Start of DATA EXTRACTS

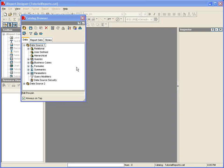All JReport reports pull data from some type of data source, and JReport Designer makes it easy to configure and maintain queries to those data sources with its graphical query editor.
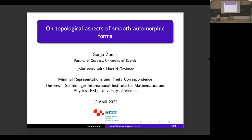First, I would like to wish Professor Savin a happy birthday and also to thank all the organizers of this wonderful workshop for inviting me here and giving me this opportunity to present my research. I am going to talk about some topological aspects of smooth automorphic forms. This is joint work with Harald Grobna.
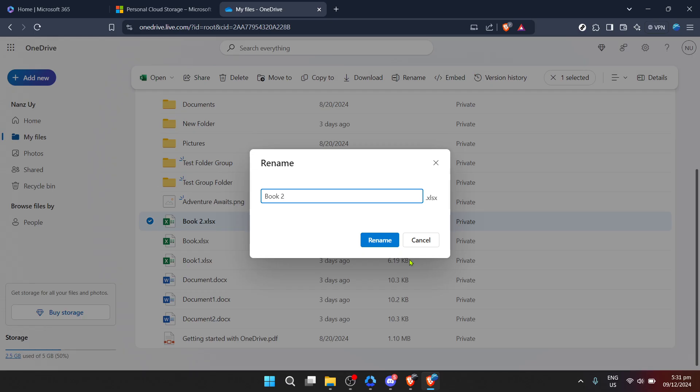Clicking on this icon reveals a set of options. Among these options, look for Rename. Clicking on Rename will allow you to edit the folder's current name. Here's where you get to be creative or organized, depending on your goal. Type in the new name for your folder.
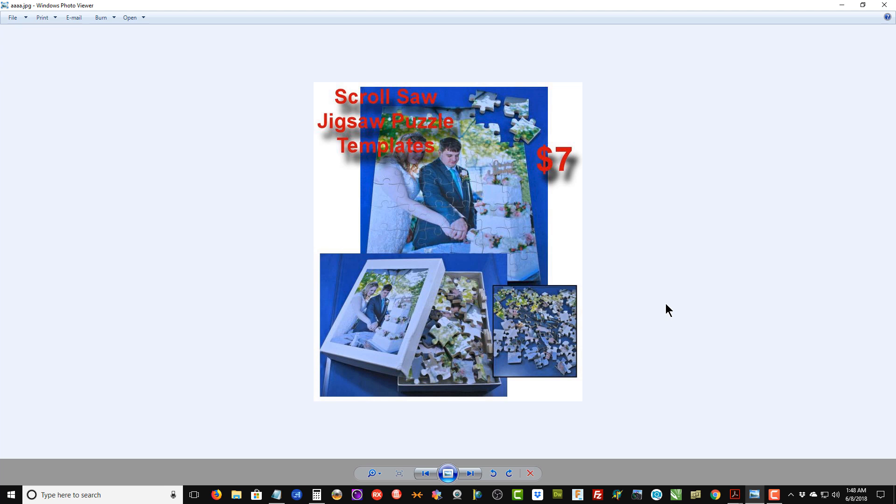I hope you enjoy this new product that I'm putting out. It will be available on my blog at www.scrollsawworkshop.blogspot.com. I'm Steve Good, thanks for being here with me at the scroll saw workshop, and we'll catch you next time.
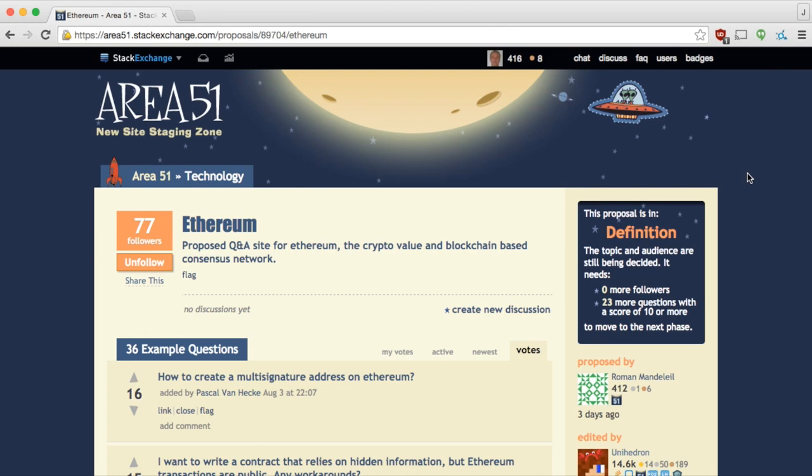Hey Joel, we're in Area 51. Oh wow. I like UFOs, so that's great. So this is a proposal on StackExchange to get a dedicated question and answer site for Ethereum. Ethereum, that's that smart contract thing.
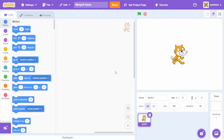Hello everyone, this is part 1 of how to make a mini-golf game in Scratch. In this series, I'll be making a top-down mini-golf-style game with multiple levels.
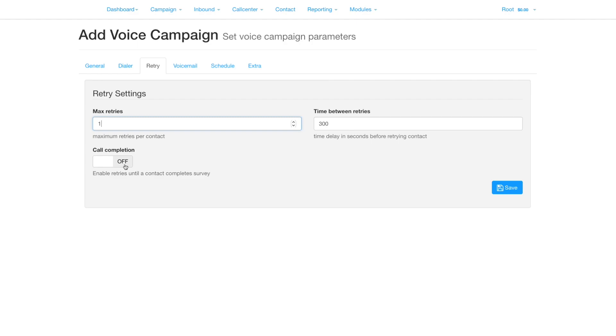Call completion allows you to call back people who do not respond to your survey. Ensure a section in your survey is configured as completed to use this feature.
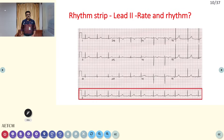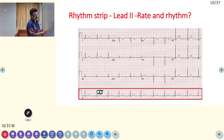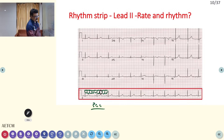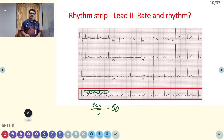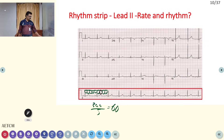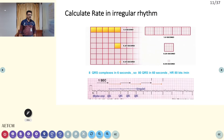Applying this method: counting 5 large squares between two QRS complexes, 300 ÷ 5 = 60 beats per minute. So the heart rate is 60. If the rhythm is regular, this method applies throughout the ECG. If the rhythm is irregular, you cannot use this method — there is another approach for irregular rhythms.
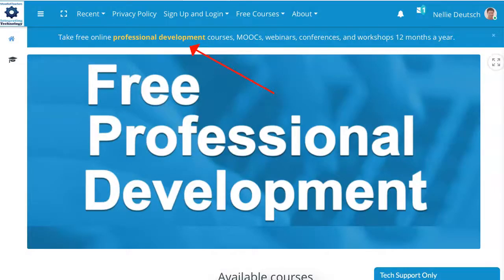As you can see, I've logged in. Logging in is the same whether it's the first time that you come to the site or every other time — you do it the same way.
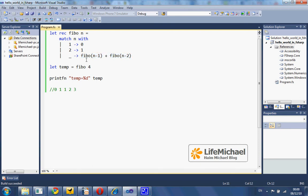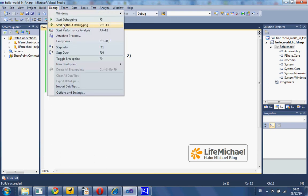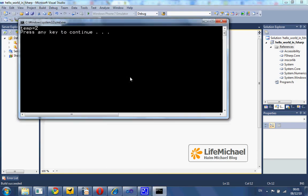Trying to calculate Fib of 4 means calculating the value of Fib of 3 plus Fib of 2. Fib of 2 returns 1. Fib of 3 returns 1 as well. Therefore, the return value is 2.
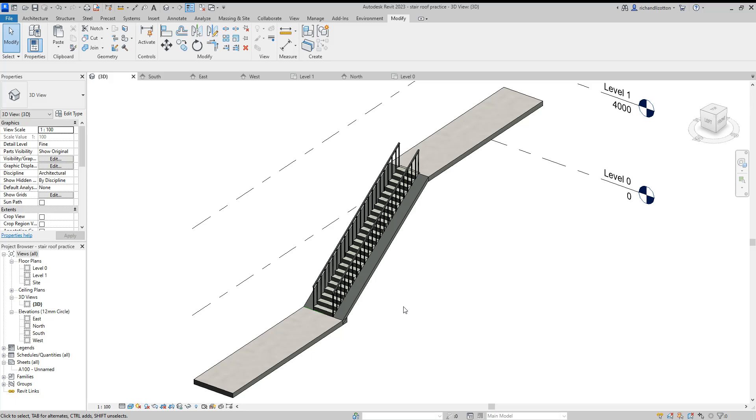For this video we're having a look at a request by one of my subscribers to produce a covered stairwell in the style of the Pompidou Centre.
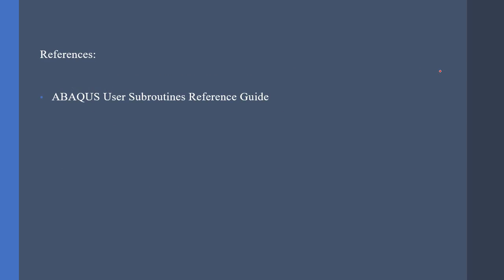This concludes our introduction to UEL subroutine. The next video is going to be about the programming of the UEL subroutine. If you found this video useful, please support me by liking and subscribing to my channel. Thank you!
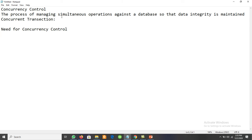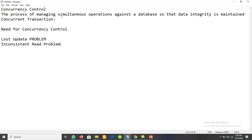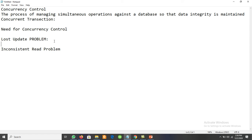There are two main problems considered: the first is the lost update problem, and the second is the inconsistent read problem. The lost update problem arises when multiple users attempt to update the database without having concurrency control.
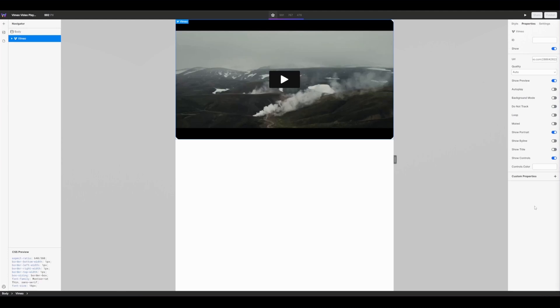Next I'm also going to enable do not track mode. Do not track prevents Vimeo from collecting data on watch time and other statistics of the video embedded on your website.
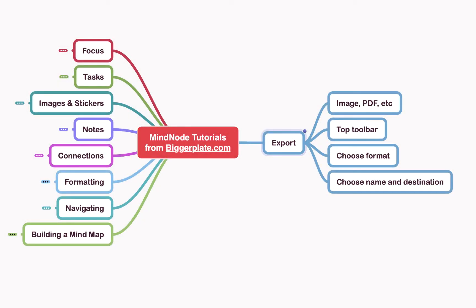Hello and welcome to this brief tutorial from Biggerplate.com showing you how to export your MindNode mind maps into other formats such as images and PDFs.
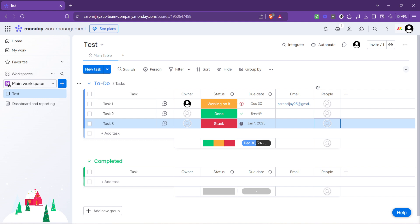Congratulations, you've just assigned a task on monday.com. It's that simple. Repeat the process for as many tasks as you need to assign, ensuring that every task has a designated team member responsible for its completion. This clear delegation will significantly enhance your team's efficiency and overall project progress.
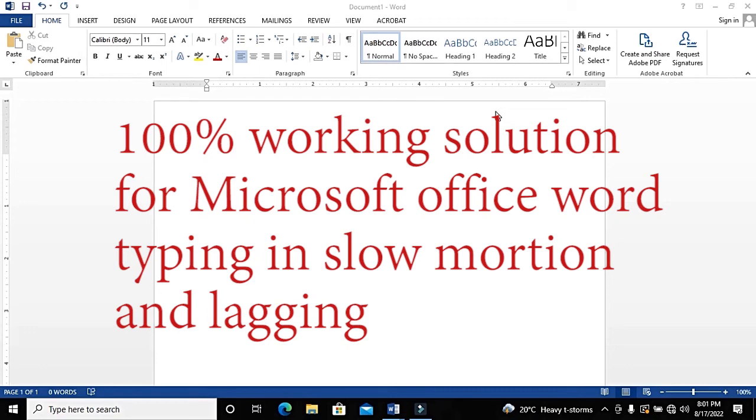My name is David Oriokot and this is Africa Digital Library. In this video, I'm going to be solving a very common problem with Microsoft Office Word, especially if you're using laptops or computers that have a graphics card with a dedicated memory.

End of DATA EXTRACTS
Start of DATA EXTRACTS

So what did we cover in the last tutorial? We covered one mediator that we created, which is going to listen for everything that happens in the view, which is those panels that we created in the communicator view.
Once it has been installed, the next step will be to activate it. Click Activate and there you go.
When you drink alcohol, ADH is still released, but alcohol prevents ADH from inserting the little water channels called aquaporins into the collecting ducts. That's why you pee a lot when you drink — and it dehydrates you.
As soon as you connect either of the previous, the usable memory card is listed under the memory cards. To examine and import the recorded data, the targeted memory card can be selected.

End of DATA EXTRACTS
Start of DATA EXTRACTS

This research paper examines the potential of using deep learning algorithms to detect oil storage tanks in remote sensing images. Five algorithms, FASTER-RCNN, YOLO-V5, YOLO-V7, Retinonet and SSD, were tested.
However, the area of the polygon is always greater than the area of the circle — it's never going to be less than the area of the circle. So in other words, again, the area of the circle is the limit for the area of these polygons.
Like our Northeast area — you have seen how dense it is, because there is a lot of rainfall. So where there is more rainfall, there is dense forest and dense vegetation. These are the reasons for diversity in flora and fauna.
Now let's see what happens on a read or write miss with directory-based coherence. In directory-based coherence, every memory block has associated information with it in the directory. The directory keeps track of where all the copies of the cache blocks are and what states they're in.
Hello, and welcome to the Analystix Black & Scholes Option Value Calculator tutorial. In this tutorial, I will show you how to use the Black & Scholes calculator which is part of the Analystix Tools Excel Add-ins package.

End of DATA EXTRACTS

ACTION ITEM:
Please copy, exactly as written, every line in the listing above from the line with "So what did" up to and including the line with "As soon as you".

PROBLEM SOLUTION:
So what did we cover in the last tutorial? We covered one mediator that we created, which is going to listen for everything that happens in the view, which is those panels that we created in the communicator view.
Once it has been installed, the next step will be to activate it. Click Activate and there you go.
When you drink alcohol, ADH is still released, but alcohol prevents ADH from inserting the little water channels called aquaporins into the collecting ducts. That's why you pee a lot when you drink — and it dehydrates you.
As soon as you connect either of the previous, the usable memory card is listed under the memory cards. To examine and import the recorded data, the targeted memory card can be selected.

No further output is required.